Supplied material
----------
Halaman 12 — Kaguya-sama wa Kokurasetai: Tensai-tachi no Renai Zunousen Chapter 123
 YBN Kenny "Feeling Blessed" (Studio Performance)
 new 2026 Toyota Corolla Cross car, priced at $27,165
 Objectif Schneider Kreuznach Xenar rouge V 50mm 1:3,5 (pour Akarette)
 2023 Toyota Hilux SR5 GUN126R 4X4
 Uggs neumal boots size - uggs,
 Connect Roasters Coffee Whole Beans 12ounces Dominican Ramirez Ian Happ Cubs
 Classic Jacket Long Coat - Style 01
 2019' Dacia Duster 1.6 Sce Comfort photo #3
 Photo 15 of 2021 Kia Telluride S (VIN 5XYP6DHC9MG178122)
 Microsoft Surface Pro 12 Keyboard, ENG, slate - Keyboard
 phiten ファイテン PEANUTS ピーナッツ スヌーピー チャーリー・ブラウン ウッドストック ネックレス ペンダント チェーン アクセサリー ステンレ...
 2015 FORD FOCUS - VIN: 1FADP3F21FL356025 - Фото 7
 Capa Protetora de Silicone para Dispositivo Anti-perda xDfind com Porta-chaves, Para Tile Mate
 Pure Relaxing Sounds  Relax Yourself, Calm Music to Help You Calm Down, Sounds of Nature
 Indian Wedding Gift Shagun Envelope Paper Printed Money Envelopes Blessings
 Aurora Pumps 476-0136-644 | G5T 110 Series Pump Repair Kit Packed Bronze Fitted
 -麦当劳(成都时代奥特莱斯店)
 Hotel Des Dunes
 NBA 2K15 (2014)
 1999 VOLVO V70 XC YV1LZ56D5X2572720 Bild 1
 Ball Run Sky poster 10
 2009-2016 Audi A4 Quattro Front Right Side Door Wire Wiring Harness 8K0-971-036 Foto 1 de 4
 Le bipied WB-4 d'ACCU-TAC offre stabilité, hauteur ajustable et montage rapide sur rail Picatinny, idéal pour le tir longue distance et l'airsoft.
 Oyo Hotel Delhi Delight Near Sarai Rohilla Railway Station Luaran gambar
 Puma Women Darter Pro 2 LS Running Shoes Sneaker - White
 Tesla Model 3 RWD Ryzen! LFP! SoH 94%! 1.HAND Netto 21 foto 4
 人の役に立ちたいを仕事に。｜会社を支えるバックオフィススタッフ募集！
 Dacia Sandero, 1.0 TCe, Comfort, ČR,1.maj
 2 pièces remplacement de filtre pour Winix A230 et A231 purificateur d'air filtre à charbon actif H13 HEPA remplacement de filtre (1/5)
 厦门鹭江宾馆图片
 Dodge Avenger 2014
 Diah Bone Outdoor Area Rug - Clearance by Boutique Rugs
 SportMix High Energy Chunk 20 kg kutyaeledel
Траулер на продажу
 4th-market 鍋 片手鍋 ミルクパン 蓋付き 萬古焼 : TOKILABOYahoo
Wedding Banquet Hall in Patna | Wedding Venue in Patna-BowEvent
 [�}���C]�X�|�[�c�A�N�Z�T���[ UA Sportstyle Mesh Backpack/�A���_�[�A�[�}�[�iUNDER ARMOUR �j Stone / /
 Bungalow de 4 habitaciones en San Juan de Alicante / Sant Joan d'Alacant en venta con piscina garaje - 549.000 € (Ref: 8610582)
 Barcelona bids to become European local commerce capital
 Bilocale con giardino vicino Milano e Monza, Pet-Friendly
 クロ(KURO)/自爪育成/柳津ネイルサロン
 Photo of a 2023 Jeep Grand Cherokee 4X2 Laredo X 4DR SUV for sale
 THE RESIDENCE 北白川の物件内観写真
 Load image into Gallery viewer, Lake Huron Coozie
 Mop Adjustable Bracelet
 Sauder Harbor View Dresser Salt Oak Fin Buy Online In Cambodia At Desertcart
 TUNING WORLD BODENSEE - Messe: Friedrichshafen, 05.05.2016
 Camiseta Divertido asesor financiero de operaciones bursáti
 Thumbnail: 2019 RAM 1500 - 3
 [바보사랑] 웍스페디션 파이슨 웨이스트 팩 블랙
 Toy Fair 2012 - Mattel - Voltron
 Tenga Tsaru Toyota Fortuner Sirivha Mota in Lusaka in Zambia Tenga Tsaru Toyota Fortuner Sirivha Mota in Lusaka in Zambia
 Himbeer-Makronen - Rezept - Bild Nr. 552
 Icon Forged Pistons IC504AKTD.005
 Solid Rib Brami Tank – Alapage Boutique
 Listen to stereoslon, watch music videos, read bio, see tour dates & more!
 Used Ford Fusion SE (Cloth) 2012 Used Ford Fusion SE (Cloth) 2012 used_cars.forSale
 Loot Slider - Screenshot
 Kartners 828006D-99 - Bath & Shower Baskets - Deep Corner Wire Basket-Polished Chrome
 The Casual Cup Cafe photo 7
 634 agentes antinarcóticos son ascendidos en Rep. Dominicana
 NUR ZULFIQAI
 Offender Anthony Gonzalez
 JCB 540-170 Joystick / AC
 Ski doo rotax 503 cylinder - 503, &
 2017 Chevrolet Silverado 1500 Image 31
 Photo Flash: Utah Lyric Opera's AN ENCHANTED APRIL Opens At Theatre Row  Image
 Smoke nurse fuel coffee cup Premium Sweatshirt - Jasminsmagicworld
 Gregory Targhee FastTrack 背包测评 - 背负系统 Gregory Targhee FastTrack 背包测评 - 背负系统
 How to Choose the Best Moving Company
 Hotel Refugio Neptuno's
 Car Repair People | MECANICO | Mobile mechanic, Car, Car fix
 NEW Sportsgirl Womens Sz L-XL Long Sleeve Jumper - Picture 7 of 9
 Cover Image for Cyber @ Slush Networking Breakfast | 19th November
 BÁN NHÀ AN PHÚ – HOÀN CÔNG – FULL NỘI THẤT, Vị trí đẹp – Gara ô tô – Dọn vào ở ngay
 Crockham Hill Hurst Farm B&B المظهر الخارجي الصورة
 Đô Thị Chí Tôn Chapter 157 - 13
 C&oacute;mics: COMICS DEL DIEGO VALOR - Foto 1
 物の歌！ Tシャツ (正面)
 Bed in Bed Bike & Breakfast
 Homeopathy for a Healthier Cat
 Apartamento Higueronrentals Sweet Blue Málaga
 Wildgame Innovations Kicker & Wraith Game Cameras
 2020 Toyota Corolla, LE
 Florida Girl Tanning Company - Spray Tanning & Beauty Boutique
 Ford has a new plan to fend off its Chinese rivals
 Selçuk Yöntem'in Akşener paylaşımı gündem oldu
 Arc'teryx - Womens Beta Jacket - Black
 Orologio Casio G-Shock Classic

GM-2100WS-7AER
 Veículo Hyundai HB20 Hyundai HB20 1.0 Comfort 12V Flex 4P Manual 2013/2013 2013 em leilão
----------
What you should do
The required output is every line above that contains the string "Company".

Result for this exercise
 How to Choose the Best Moving Company
 Florida Girl Tanning Company - Spray Tanning & Beauty Boutique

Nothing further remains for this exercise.